Anke Rehlinger sagt zur SZ: „Corona-Verordnungen müssen schlauer werden als auf oder zu. Bislang hat der Staat oft versucht, allgemeingültige Regeln aufzustellen und jeder Einzelfall musste damit irgendwie klarkommen. Meine Überlegung ist, den kommerziellen Veranstaltern mehr Flexibilität zu geben, um ihre Events wirtschaftlich zu gestalten und trotzdem das erforderliche Maß an Schutz zu bieten. Je nach Veranstaltung können Raumlüftung, Masken, Abstände, Testkonzepte oder gar 2G oder Kombinationen davon die richtige Lösung sein.“ Die Gesellschaft müsse lernen, mit Corona zu leben.

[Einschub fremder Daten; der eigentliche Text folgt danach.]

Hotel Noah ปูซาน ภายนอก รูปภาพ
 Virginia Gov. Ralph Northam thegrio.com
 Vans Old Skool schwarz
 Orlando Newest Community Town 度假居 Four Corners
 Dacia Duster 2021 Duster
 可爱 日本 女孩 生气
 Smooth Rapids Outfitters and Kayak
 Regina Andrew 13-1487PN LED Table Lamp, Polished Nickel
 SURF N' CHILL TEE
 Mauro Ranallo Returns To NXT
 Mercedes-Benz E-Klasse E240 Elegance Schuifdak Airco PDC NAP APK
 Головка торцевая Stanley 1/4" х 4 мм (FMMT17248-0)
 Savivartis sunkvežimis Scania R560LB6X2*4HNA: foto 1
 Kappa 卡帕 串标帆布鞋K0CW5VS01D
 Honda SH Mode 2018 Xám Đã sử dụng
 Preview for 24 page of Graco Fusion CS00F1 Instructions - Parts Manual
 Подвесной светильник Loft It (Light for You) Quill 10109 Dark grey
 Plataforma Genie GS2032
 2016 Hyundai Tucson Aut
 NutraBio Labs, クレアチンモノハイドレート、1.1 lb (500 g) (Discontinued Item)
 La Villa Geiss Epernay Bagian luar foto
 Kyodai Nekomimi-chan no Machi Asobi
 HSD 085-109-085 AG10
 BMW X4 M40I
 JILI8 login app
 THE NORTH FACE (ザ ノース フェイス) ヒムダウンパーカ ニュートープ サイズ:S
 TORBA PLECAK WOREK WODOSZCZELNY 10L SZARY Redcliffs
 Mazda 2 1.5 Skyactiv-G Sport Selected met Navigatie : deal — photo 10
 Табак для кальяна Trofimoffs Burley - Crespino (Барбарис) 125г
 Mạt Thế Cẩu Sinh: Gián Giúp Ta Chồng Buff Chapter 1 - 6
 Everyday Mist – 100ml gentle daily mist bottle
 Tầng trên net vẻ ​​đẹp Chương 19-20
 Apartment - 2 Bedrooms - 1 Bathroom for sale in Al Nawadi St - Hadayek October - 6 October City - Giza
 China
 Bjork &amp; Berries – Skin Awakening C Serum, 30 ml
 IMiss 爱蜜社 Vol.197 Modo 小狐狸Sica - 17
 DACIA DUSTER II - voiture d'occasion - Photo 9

Sie möchte den Veranstaltern Steuerungs-Werkzeuge an die Hand geben, mit denen sie bestimmen, wie viel Auslastung sie pro Veranstaltung erreichen möchten. Wobei die maximale Auslastungsmöglichkeit jeder Location, wie jetzt schon, an der aktuellen Risikoeinschätzung des Robert-Koch-Institutes hängt.

Das klingt zu schön, um wahr zu werden. Tatsächlich ist die Vorlage aus dem Wirtschaftsministerium, über die der Ministerrat entscheiden muss, damit sie für die Betriebe greift, noch nicht geschrieben. Aus dem Wirtschaftsministerium heißt es, man werde bis Ende September so weit sein.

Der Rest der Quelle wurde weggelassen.